# RECORDS TO PROCESS
------

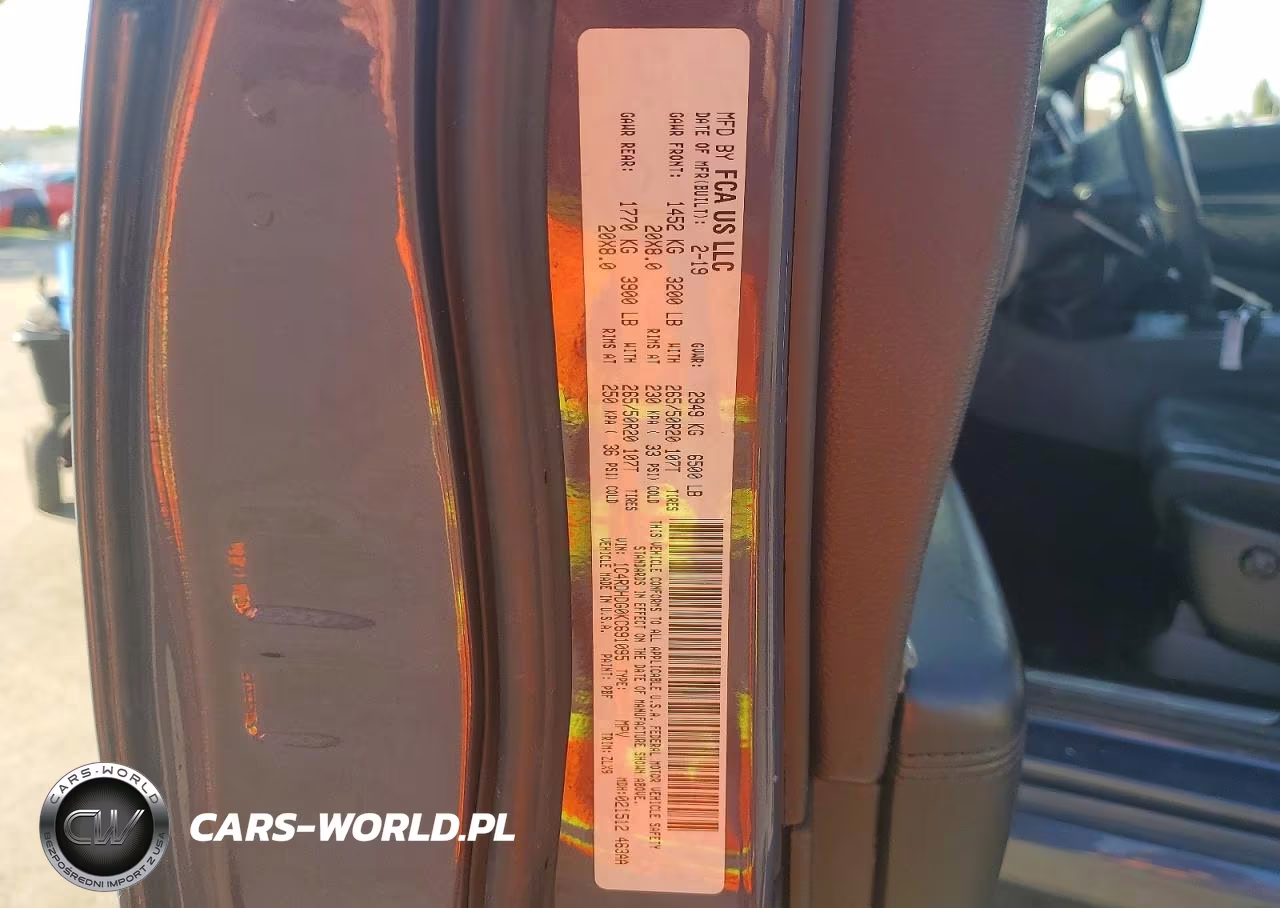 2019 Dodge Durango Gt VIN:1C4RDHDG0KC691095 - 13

------

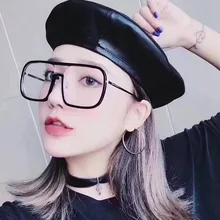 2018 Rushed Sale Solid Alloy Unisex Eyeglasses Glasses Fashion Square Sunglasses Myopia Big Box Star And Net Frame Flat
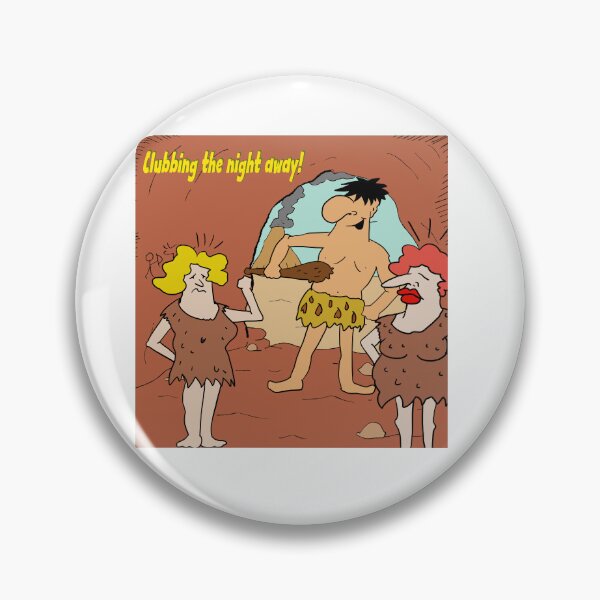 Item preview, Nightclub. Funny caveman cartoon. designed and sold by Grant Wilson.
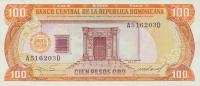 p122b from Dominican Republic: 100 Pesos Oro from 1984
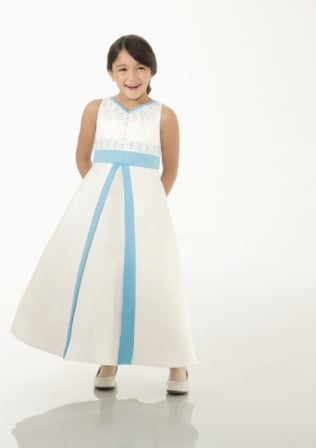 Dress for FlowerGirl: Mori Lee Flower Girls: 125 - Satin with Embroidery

------

Take the material above from the line bearing "2018 Rushed Sale" through the line bearing "Dress for FlowerGirl: Mori" and write it out exactly, both end lines included. Pictures stay out.

# WRITTEN SOLUTION
 2018 Rushed Sale Solid Alloy Unisex Eyeglasses Glasses Fashion Square Sunglasses Myopia Big Box Star And Net Frame Flat
 Item preview, Nightclub. Funny caveman cartoon. designed and sold by Grant Wilson.
 p122b from Dominican Republic: 100 Pesos Oro from 1984
 Dress for FlowerGirl: Mori Lee Flower Girls: 125 - Satin with Embroidery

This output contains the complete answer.